Симеон Гордый, стр. 27

Вонми, Господи! Ты должен понять, что нету у нас другого пути! Все рассыплет и на ниче ся обратит безо власти единой!

Скажешь, что не от мира царствие твое и с заветом любви пришел к нам сын твой единородный? Скажешь, любовь съединяет и вяжет паче власти и с тем проповедана вера Христова в русской земле? Так, Господи! Да! Да! Не в жестоце и хладе единодержавия, не в тягости, подавляющей всех и вся, но в соборном согласии и дружестве спасена будет наша земля! Ибо гневом и властью не соберешь малых сил, а ежели не похотят, то и не придут из-за лесов и вод, призванные князем своим, а отсидят, сокроют в чащобы и дебри, и что тогда станет с силою сильного на этой суровой земле?

Повиждь, Господи, пото и не изобижен, и богат, и волен смерд на Руси! И было инако при великих князьях киевских, и погибла земля от нахожденья агарян, и не спасли ее ни рати, ни стены городов, ни удаль воевод, ни гордость князей!

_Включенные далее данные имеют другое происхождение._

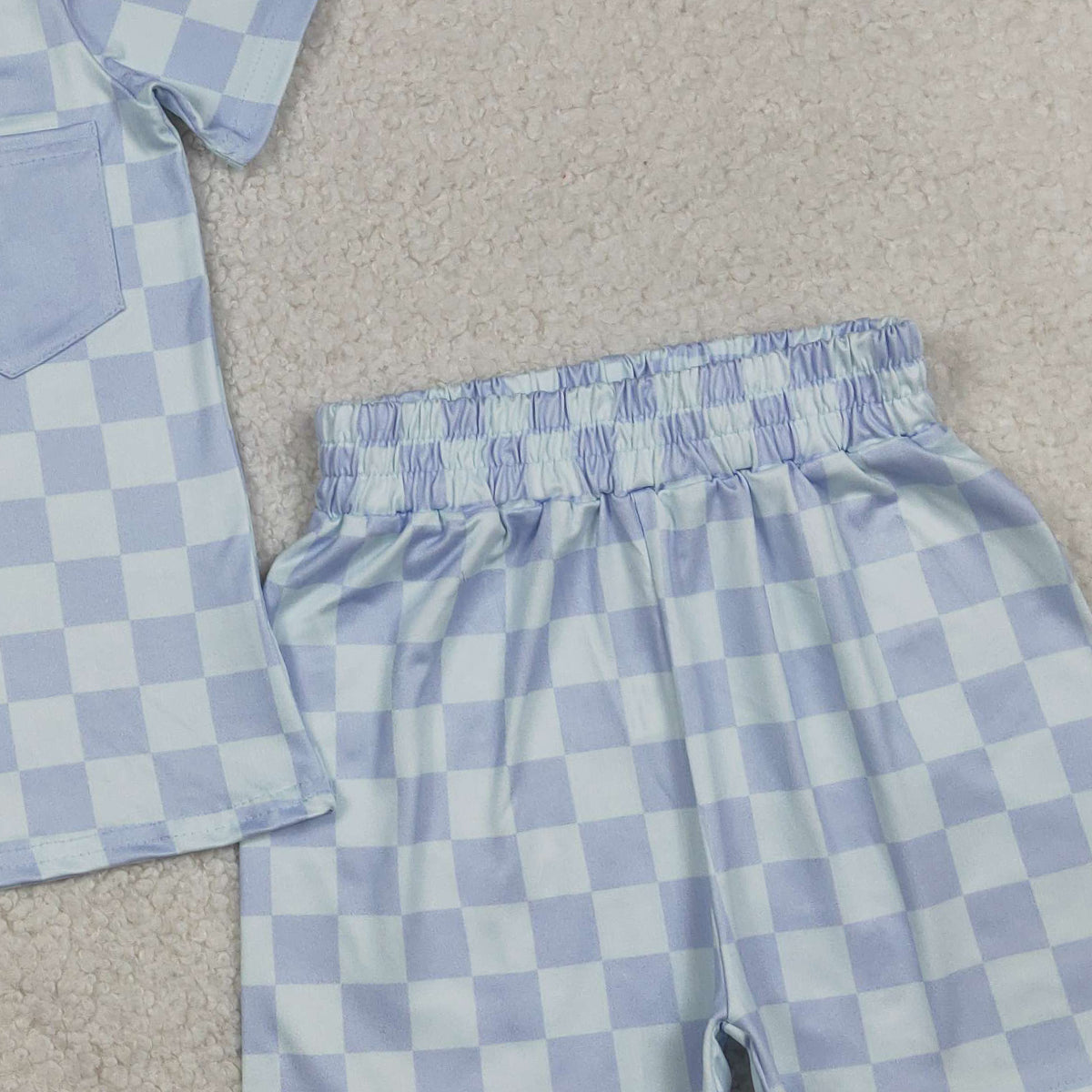 3.6 RTS NO MOQ （In stock）BSSO1753 Children's Fashion Set Baby Boys Dark Green Shirts Top Checked Pockets Shorts Clothes Sets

Такой власти, какая надобна нам, не ведают в землях иных! И я, малый, пред тобою, великим, не ведаю тоже: прав ли я? Право ли деял отец мой, собирая землю? Где та связь, та грань, та благая цепь, которая вяжет, не удушая, и съединит, не погубив нашей земли?

Господи! Ведаю, что не в силе, а в правде Бог и что иная сила, лишенная блага твоего, рухнет от собственной тяжести, и не дай Боже, даже и в веках грядущих, нам такой, подавляющей все живое, силы власти на нашей земле!

Но, Господи, повиждь и внемли! Погибнем мы от разделения языков, яко неции, строившие башню до неба, дабы потрясти престол господень! Погибнем и не устоим, ежели не съединим землю единою властию, ежели соборно, все вкупе, не похотим того и не содеем так по воле своей!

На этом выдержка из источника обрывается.